Ellen, dont le comte hante les souvenirs, ne cesse d’avertir ses proches qui la croient folle. Si le ton hautain des personnages, pour la plupart des hommes, qui refusent de la croire, sonne en 2024 comme une allégorie du mansplaining, cette modernisation s’avère timide – d’autant plus que le film cultive par ailleurs un archaïsme pesant, porté notamment par les éructations cabotines de Willem Dafoe, aussi grossier en chasseur de vampires qu’en marin pétomane.

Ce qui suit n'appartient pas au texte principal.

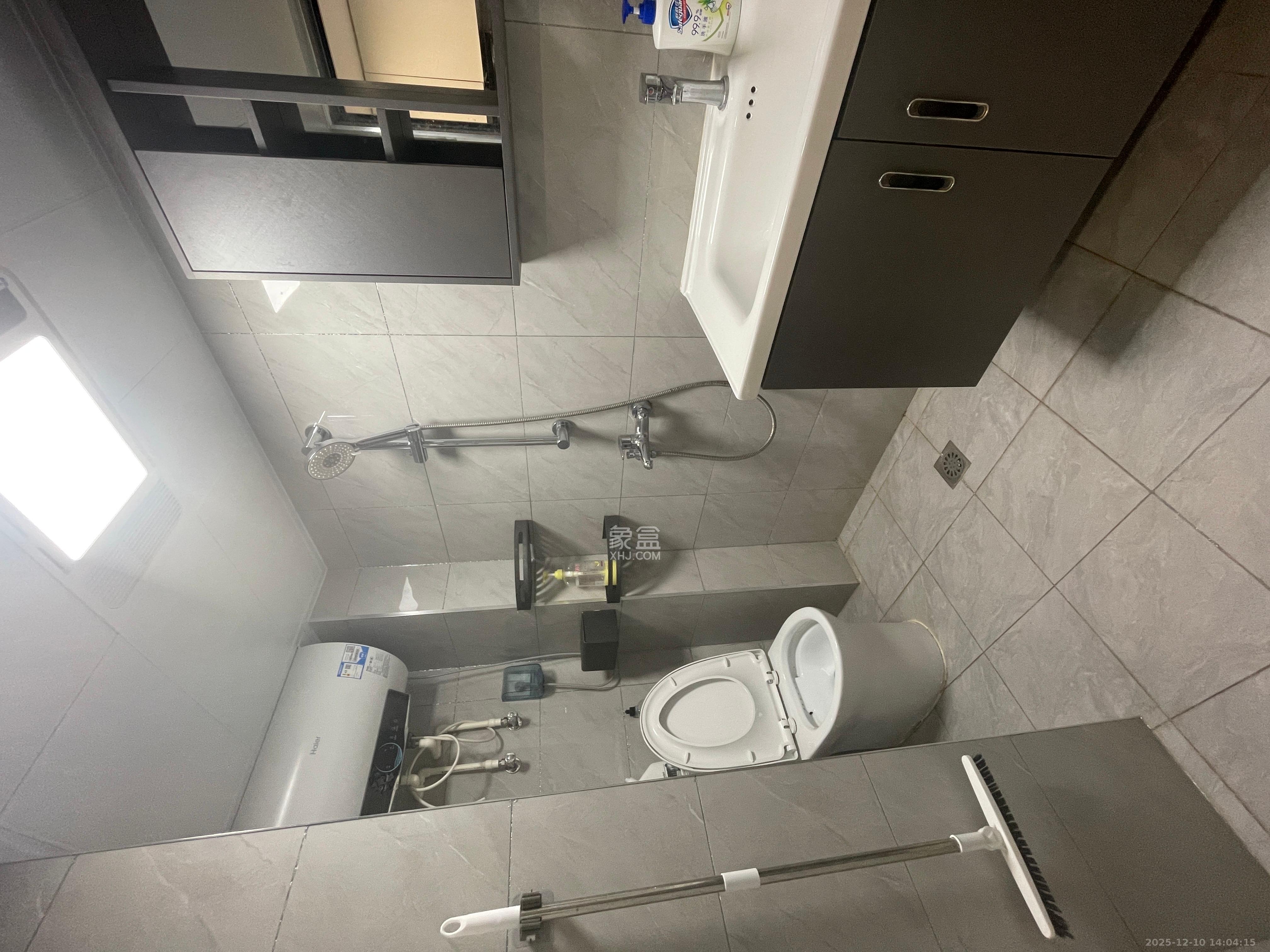 卓越江岸  2室2厅1卫    2200.0元/月室内图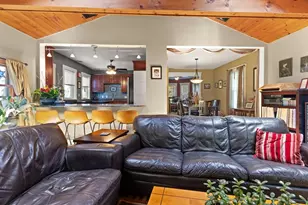 42 Freeman Ave, Everett, MA 02149 - Photo 8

Le personnage martèle des sentences antimodernes, dont le caractère péremptoire (elles commencent toujours par de vastes concepts – « le Monde », « le Mal », « la Morale », « Dieu ») semblent chercher à élever le propos, alors qu’elles tiennent avant tout d’un imaginaire régressif. À la lumière de ce pénible remake, ce qu’on a appelé la « elevated horror », cette vision hautaine et prétendument sophistiquée du genre, ne fait pas que démontrer sa stagnation (à rebours du mouvement ascendant qu’elle prétend porter) : elle se présente de plus en plus comme une régression.